L’Associazione Nazionale Forense insiste: “La giustizia che funziona è chiara e sintetica, ma non per regolamento o decreto o limitando il diritto di difesa”, manda a dire Giampaolo Di Marco, segretario generale dell’Anf, a margine degli Stati generali dell’Avvocatura. Una presa di posizione che segue il recente altolà alla proposta di regolamento per la definizione dei criteri di redazione, dei limiti e degli schemi informatici degli atti giudiziari, definito dallo stesso Di Marco “il punto più basso di una riforma del processo civile nata sotto una cattiva stella e che peggiora di giorno in giorno sotto gli occhi attoniti degli operatori del diritto”.

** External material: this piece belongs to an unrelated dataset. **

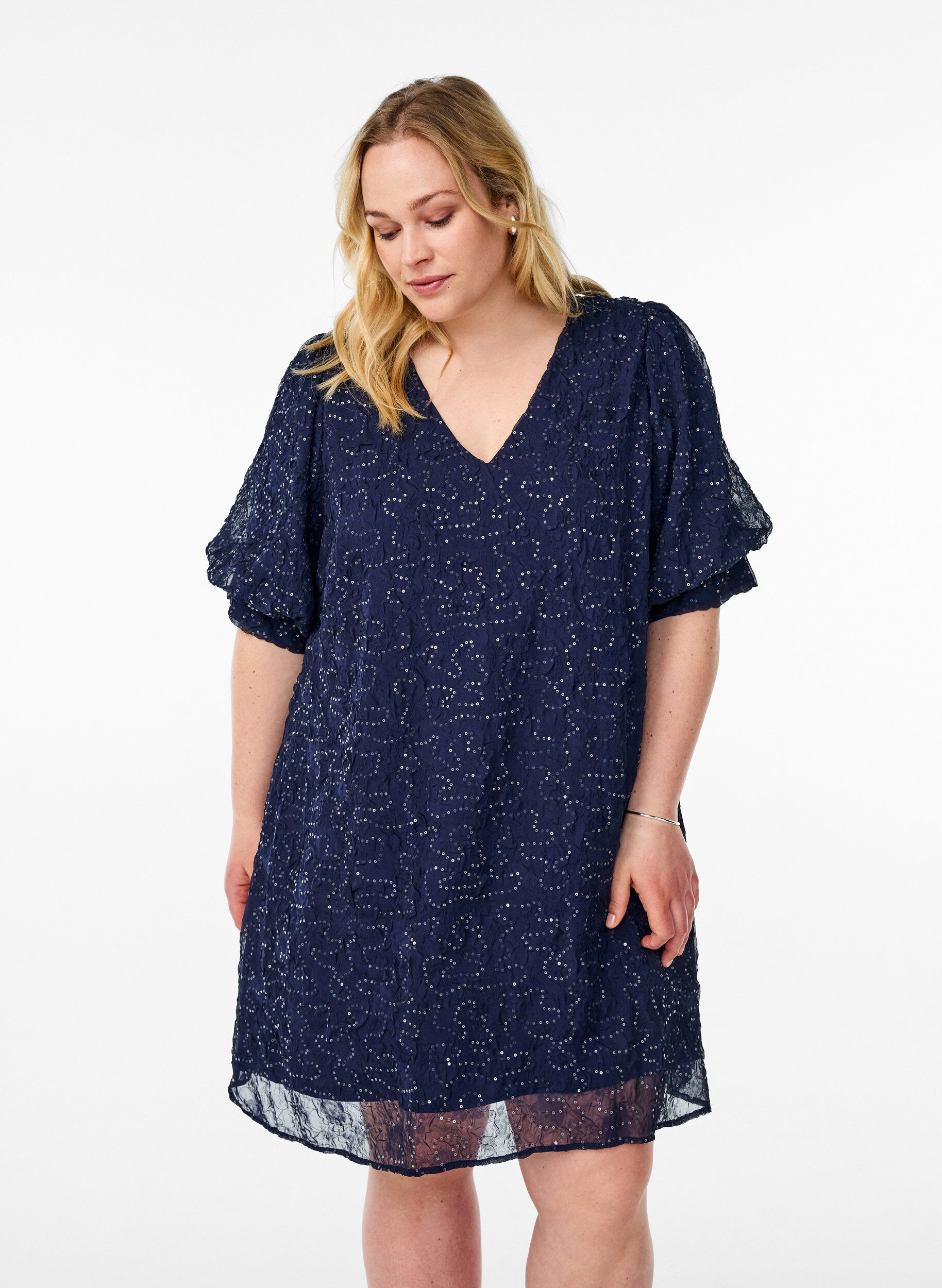 Kr&oacute;tka sukienka imprezowa z cekinami, Niebieskie, Model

In quel caso, “l’idea di ridurre i principi di chiarezza e sinteticità ad una sterile fissazione di limiti del numero di pagine e del numero di caratteri per gli scritti difensivi denota una grave miopia ed una visione contabile del processo”. Ma in generale c’è tutto un ‘tema’ che riguarda il diritto di difesa su cui l’Associazione Nazionale Forense ‘martella’ chiedendo che “la politica ascolti l’avvocatura che ogni giorno è dentro le aule per costruire una giustizia efficace, efficiente nell’esclusivo interesse del Paese e dei cittadini”.
Eppure, osserva Di Marco parlando alla ‘Dire’, “negli ultimi 20 anni tutti gli interventi in tema di giustizia civile sono andati nel senso della compressione del diritto alla difesa (filtri, aumenti del contributo unificato, nuove condizioni di procedibilità, sanzioni varie e adesso i limiti di pagine). È il momento di una serie riflessione su un modello di giustizia e di processo che risponda alle esigenze del Paese anche nell’ottica Europea, ma senza subire condizionamenti che limitino i principi costituzionali”.